Deathwish Enforcers Game Pays Homage To Sunset Riders In An Almost Shameless Way. The introduction video, the animations of the characters, the way they shoot, the structure of the levels and even the bosses themselves are copied from the Konami game. In the first level there is even a section in which we have to race over a group of bikers in the same way as we did in the arcade classic. The levels on horseback from the original title are now on a motorcycle and use the same ideas.
In essence, it’s a way to enjoy Sunset Riders again (or for the first time), but with a fresh coat of paint that replaces the cowboys from the ’60s and ’70s movies with cops from the same era. This is not a bad idea. Sometimes we want to live an experience that we like with enough differences to make it feel new. But there are two problems in this case.

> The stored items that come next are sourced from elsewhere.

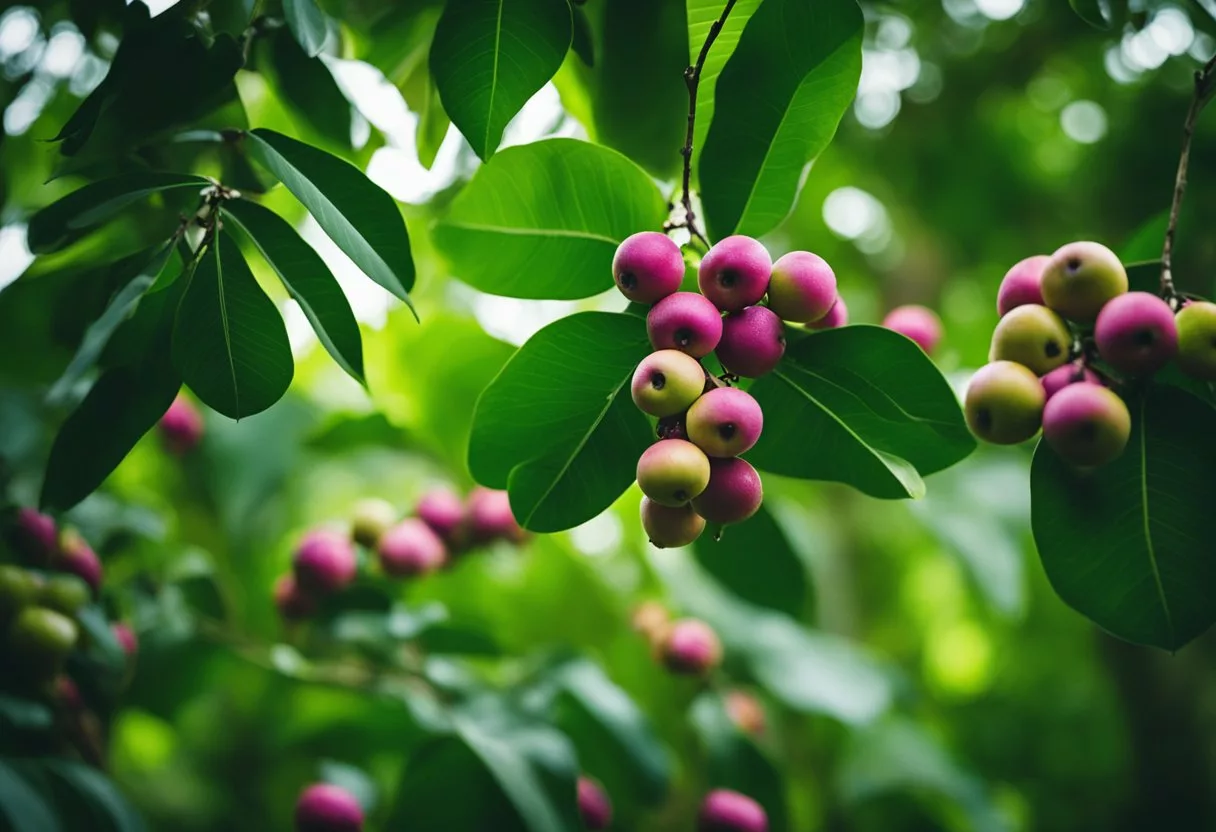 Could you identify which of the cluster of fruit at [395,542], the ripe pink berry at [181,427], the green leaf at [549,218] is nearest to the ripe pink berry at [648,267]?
the green leaf at [549,218]

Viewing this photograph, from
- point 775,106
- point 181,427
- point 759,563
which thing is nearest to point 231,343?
point 775,106

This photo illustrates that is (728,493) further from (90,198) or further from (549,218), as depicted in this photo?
(90,198)

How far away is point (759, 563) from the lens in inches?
39.6

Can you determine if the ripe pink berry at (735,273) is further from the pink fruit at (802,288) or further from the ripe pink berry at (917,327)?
the ripe pink berry at (917,327)

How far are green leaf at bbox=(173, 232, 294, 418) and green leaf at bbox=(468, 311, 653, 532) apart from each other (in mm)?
166

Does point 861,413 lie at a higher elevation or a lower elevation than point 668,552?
higher

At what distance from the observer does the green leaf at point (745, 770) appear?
1.37 meters

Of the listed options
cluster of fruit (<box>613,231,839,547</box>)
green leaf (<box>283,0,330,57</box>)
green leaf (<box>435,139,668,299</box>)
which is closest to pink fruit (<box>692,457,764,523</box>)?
cluster of fruit (<box>613,231,839,547</box>)

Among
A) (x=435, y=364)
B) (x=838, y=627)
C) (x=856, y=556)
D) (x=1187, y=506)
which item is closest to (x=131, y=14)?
(x=435, y=364)

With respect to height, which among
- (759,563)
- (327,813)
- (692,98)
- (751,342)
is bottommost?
(327,813)

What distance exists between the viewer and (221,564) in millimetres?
1727

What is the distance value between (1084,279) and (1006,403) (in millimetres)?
→ 105

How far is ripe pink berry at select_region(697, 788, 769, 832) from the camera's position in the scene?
125 cm

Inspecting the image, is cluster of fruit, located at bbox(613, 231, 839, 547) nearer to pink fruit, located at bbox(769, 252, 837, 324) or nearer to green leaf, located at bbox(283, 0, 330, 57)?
pink fruit, located at bbox(769, 252, 837, 324) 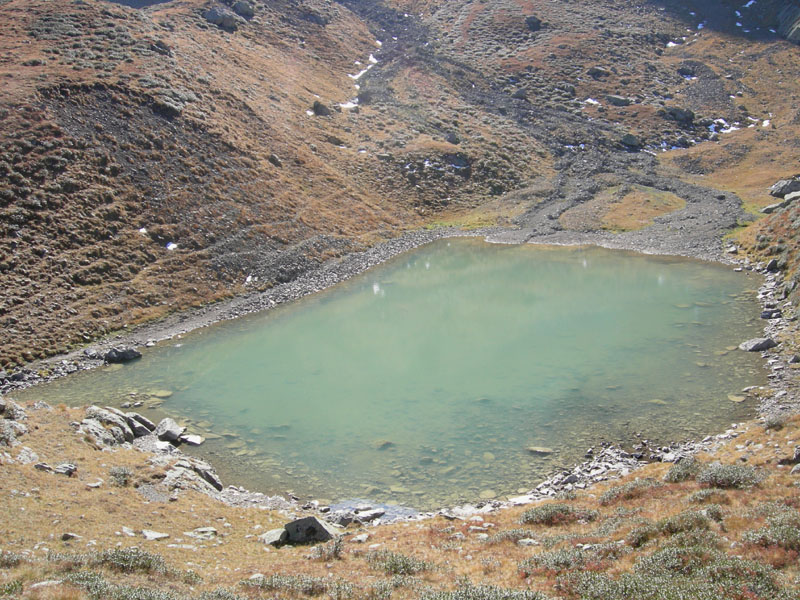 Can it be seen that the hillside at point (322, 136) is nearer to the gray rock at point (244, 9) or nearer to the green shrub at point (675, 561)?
the gray rock at point (244, 9)

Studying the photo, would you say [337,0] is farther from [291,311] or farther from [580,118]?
[291,311]

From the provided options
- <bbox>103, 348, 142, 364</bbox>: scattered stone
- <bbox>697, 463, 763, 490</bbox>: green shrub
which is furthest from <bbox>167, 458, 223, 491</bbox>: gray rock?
<bbox>697, 463, 763, 490</bbox>: green shrub

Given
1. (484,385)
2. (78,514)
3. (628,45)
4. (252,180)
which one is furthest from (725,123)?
(78,514)

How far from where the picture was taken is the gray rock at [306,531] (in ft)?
59.8

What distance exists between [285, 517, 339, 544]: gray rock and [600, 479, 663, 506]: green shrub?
9497mm

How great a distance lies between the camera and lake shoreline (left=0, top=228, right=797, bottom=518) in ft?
74.9

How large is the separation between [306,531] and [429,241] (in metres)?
51.5

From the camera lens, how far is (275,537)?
1844 cm

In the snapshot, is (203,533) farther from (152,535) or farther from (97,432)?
(97,432)

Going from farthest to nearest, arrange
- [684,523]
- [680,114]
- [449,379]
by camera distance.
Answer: [680,114], [449,379], [684,523]

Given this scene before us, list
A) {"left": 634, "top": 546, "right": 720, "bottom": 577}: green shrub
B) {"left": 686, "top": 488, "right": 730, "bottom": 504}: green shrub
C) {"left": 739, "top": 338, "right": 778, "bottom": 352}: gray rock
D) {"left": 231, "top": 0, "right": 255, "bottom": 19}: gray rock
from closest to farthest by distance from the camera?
{"left": 634, "top": 546, "right": 720, "bottom": 577}: green shrub → {"left": 686, "top": 488, "right": 730, "bottom": 504}: green shrub → {"left": 739, "top": 338, "right": 778, "bottom": 352}: gray rock → {"left": 231, "top": 0, "right": 255, "bottom": 19}: gray rock

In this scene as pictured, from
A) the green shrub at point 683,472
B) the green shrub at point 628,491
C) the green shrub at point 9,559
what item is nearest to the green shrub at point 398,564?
the green shrub at point 628,491

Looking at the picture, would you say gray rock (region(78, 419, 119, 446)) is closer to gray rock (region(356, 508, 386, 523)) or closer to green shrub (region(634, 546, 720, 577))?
gray rock (region(356, 508, 386, 523))

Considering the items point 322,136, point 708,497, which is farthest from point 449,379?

The pixel art is pretty good, but the level design—while not bad—pales in comparison to the gameplay it mimics, and there were times when we found ourselves in a bind not because of a lack of skill, but because the action wasn’t easy to understand. . Nor can we ignore the ‘bugs’. We found sections with graphical errors that obscure the action and sometimes the entire screen. The developers promised a solution for the most serious problems, but at the time of writing the review it had not yet arrived.
The other problem is that for an independent game that imitates the arcade style —which means that it can be played in less than an hour, although part of its fun is playing multiple times trying to improve the score— has a relatively high price. We can get it for $22.99 dollars (more than 100,000 Colombian pesos) on Nintendo Switch, PS4 and PS5 despite the fact that the emulated version of Sunset Riders for those same platforms costs only $7.99 (around 36,000 pesos).).
But Sunset Riders is not the only playable inspiration behind Deathwish Enforcers, as it is also It has some elements based on the Metal Slug saga. Not only do we have to do a few rescues as we go through the levels—although it involves sexy girls instead of bearded POWs—but there are sections straight out of SNK games. Without going any further, the confrontation with the final boss is directly reminiscent of the last enemy of Metal Slug 3.
We also have zombies. Why are there zombies in a police game? It’s not just because there are in Metal Slug but because the sixties B-series movies that pitted their rude detectives against demons and satanic cults were not so rare. Also because this game winks at films like The Shining and Evil Dead.
Honestly, it’s a bit mediocre. But that doesn’t necessarily mean you can’t enjoy it. We had a lot of laughs during several games in the cooperative mode that allows up to four players locally. It’s a good choice if you’re looking for unpretentious retro-style 2D action with plenty of movie references.
Despite that, we still prefer Sunset Riders.
Deathwish Enforcers In Summary
We quite enjoyed our Deathwish Enforcers games thanks to its local multiplayer mode and references to classic TV and crime movies. It is simple action in the retro style and that can offer many hours of fun, especially without trying to play to improve our score. But we cannot say that this is a great game. Its humor is grotesque, its gameplay is nothing special —it’s an almost exact copy of Sunset Riders— and we found very serious ‘bugs’ that weren’t fixed during its first week on the market. If you enjoy arcade games like this and want something that reminds you of Konami’s cowboy game, it’s worth a look, but we recommend waiting for a drop in price.
Review made using a digital copy of Deathwish Enforcers for PS4 provided by Limited Run Games.